Task requirements:
From the data underneath, reproduce exactly the stretch that begins at the line with "Tagliata di manzo con patate e spinaci" and ends after the line with "2025-nautique-g23-124502-image15.webp".
-----
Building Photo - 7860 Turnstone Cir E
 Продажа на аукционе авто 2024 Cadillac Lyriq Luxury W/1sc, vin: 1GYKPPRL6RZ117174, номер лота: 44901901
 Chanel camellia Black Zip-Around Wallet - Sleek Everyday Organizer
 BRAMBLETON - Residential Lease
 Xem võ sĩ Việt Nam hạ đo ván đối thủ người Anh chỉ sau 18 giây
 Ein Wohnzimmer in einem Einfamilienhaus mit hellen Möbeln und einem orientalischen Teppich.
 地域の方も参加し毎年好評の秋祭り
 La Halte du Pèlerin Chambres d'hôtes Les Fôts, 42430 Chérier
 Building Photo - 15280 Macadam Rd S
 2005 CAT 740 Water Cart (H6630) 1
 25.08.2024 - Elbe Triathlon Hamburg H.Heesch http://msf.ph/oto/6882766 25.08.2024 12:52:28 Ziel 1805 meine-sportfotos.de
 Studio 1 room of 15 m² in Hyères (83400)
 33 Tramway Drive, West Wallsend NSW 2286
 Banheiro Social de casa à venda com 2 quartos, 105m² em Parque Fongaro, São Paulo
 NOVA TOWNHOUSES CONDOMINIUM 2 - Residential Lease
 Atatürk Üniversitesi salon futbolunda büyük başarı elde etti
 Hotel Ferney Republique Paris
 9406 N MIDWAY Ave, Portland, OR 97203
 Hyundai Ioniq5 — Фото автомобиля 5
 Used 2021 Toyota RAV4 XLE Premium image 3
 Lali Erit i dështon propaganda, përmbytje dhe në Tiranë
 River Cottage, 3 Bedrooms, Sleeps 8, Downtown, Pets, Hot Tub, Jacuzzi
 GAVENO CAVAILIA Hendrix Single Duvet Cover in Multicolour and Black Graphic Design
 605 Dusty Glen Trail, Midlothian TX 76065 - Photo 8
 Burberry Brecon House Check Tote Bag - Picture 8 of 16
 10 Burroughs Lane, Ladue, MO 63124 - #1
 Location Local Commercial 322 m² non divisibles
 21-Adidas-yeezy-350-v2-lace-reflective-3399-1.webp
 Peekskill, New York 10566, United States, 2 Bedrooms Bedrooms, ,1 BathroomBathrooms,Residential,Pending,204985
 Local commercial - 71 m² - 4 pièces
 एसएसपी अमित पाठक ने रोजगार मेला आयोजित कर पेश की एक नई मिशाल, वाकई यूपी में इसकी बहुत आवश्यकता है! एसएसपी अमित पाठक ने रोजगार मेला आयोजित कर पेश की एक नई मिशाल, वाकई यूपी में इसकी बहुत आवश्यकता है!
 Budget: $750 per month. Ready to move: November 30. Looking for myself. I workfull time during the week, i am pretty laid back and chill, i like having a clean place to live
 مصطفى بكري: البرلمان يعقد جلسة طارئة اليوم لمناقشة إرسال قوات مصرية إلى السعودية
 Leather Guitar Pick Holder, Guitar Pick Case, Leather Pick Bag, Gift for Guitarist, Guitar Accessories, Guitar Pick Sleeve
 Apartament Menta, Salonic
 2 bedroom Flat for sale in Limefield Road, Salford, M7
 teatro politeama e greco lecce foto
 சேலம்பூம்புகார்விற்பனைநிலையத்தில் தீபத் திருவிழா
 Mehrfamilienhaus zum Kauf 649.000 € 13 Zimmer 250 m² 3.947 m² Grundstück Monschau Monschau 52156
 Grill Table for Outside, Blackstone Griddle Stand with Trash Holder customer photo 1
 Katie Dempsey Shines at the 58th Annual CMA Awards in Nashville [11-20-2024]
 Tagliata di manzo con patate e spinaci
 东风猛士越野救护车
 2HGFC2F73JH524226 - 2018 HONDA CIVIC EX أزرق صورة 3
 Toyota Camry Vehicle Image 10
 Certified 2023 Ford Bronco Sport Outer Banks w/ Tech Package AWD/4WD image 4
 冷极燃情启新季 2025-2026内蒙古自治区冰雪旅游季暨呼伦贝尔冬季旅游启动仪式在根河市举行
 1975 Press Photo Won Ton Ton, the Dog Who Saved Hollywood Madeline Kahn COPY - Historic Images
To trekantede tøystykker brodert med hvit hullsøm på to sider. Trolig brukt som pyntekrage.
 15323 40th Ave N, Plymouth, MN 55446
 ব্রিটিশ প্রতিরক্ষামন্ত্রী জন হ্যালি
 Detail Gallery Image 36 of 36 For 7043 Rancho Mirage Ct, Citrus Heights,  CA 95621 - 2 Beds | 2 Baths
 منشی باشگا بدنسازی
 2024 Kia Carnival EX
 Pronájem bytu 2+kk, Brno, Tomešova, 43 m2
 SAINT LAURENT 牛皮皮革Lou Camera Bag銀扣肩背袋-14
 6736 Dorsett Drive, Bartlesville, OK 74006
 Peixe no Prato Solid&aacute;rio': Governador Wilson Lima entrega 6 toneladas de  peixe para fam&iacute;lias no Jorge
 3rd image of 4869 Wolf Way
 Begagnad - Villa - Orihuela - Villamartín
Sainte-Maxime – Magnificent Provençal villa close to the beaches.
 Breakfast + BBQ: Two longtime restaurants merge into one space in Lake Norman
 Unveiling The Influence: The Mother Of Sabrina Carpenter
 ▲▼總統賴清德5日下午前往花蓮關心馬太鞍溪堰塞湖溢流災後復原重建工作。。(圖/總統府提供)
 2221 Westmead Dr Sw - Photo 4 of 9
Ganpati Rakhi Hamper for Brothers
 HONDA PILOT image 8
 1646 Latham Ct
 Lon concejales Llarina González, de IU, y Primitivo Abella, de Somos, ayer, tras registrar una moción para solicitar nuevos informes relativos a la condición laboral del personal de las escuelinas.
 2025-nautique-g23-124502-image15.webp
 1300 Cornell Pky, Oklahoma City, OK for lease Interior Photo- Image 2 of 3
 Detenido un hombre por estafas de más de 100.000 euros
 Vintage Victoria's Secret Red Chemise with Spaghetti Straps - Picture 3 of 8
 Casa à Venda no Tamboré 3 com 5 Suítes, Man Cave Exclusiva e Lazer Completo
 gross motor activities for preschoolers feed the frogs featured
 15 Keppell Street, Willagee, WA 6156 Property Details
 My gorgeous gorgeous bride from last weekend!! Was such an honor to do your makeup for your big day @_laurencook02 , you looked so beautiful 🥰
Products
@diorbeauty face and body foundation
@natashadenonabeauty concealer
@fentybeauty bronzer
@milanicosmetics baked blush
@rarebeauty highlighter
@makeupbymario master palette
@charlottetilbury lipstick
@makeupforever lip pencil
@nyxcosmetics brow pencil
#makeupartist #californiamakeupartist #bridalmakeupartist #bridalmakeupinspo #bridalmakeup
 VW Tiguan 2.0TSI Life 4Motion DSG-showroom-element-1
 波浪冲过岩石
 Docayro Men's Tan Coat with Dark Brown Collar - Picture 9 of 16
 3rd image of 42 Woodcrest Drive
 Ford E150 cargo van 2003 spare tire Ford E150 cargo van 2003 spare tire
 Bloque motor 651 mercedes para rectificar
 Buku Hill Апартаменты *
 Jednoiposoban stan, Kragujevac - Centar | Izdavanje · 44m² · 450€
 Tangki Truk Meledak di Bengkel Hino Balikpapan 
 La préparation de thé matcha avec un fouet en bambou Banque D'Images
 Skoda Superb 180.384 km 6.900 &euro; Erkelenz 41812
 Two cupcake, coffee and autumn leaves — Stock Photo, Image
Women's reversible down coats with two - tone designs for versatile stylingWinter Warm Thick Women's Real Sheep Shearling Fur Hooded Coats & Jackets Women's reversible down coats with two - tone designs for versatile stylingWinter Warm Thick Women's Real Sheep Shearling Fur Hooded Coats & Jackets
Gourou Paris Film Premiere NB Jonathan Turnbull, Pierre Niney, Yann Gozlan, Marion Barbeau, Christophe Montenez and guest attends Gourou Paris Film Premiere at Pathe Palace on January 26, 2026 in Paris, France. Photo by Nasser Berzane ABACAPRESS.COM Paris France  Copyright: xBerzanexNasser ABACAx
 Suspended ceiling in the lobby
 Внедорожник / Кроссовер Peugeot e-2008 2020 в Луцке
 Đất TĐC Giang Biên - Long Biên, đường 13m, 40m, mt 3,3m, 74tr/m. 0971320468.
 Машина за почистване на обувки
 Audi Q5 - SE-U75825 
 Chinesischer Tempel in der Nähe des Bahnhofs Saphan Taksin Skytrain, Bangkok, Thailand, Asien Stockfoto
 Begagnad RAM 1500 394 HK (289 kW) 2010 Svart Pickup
-----
Reply:
 Tagliata di manzo con patate e spinaci
 东风猛士越野救护车
 2HGFC2F73JH524226 - 2018 HONDA CIVIC EX أزرق صورة 3
 Toyota Camry Vehicle Image 10
 Certified 2023 Ford Bronco Sport Outer Banks w/ Tech Package AWD/4WD image 4
 冷极燃情启新季 2025-2026内蒙古自治区冰雪旅游季暨呼伦贝尔冬季旅游启动仪式在根河市举行
 1975 Press Photo Won Ton Ton, the Dog Who Saved Hollywood Madeline Kahn COPY - Historic Images
To trekantede tøystykker brodert med hvit hullsøm på to sider. Trolig brukt som pyntekrage.
 15323 40th Ave N, Plymouth, MN 55446
 ব্রিটিশ প্রতিরক্ষামন্ত্রী জন হ্যালি
 Detail Gallery Image 36 of 36 For 7043 Rancho Mirage Ct, Citrus Heights,  CA 95621 - 2 Beds | 2 Baths
 منشی باشگا بدنسازی
 2024 Kia Carnival EX
 Pronájem bytu 2+kk, Brno, Tomešova, 43 m2
 SAINT LAURENT 牛皮皮革Lou Camera Bag銀扣肩背袋-14
 6736 Dorsett Drive, Bartlesville, OK 74006
 Peixe no Prato Solid&aacute;rio': Governador Wilson Lima entrega 6 toneladas de  peixe para fam&iacute;lias no Jorge
 3rd image of 4869 Wolf Way
 Begagnad - Villa - Orihuela - Villamartín
Sainte-Maxime – Magnificent Provençal villa close to the beaches.
 Breakfast + BBQ: Two longtime restaurants merge into one space in Lake Norman
 Unveiling The Influence: The Mother Of Sabrina Carpenter
 ▲▼總統賴清德5日下午前往花蓮關心馬太鞍溪堰塞湖溢流災後復原重建工作。。(圖/總統府提供)
 2221 Westmead Dr Sw - Photo 4 of 9
Ganpati Rakhi Hamper for Brothers
 HONDA PILOT image 8
 1646 Latham Ct
 Lon concejales Llarina González, de IU, y Primitivo Abella, de Somos, ayer, tras registrar una moción para solicitar nuevos informes relativos a la condición laboral del personal de las escuelinas.
 2025-nautique-g23-124502-image15.webp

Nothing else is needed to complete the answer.